0
1
BRIEFREPORT   |    
Using Standardized Patients’ Marks in Scoring Postgraduate Psychiatry OSCEs
Paul Whelan, M.D., M.Sc., M.R.C.Psych; Laurence Church, M.D., M.Sc., M.R.C.Psych; Khaled Kadry, M.D., M.R.C.Psych
Academic Psychiatry 2009;33:319-322. 04090108
View Author and Article Information

Received August 20, 2007; revised November 19, 2007, and March 16, 2008; accepted April 23, 2008. The authors are affiliated with South London and Maudsley NHS Foundation Trust in London. Address correspondence to Paul James Whelan, South London and Maudsley NHS Trust, Old Age Psychiatry, Guy’s Hospital, Weston St, London, SE1 3RR, United Kingdom; paul.whelan@nhs.net (e-mail).

Copyright © 2009 Academic Psychiatry

Abstract

Objective: Standardized patients (SPs) do not contribute scores in postgraduate psychiatry objective structured clinical examinations (OSCEs) in the United Kingdom. However, this may change in the near future. The primary aim of this study was to measure the degree of agreement between scores given by examiners and those given by SPs in an OSCE. Methods: The authors measured the degree of agreement in two consecutive postgraduate OSCEs for psychiatric residents on a London training scheme. Results: Fifty-five candidates participated in the two OSCEs. There was a moderate degree of agreement between examiner and SP scores for communication and for the overall mark. However, there was a stronger relationship between the examiner score for communication and the candidates’ overall mark. Conclusion: Examiners and SPs scored candidates differently. Therefore, the decision to include SP scores in the marking scheme for postgraduate OSCEs would be a significant development.

Abstract Teaser
Figures in this Article

The Objective Structured Clinical Examination (OSCE) is a well-established examination technique used at all levels of medical education. Originally introduced to reduce some of the problems associated with traditional clinical examinations, OSCEs have been shown to have higher reliability and validity than less structured oral examinations (1, 2). However, educators in psychiatry were slow to adopt the OSCE despite this format having been shown to have acceptable validity in assessing psychiatry trainees (3).

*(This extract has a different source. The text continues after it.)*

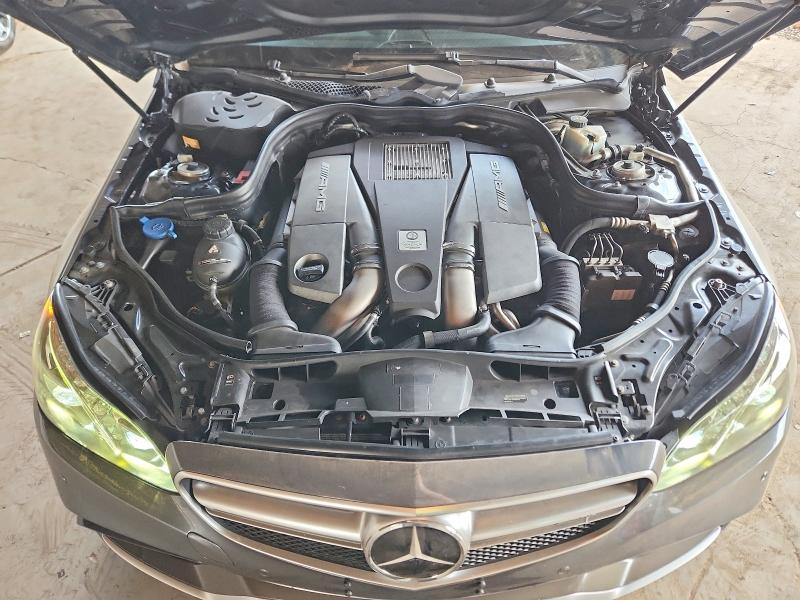Продажа на аукционе авто 2014 Mercedes-benz E, vin: WDDHF7GB9EA919343, номер лота: 51353786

Membership into the Royal College of Psychiatrists is mandatory for psychiatric residents in the United Kingdom to progress in their training and become consultants (attendings). Membership is contingent upon passing both written and clinical parts of an examination set by the College, which is taken by psychiatry trainees in stages, during their first three years of training (equivalent to years 1–3 of the U.S. residency program). Candidates who successfully pass a series of three multiple-choice examinations proceed to take an OSCE in the third year of the program. An OSCE format was introduced in the spring of 2003 (4), representing one of two types of clinical examinations administered by the College at that point in time (the other examination was a traditional “long case” with a real patient). In 2008, the “long case” was discarded and the OSCE examination was adapted slightly to allow for testing of an increased level of complexity given that this now represents the only clinical examination taken by U.K. residents before they complete their basic psychiatry training [see Whelan et al. (5) for further details of the examination format].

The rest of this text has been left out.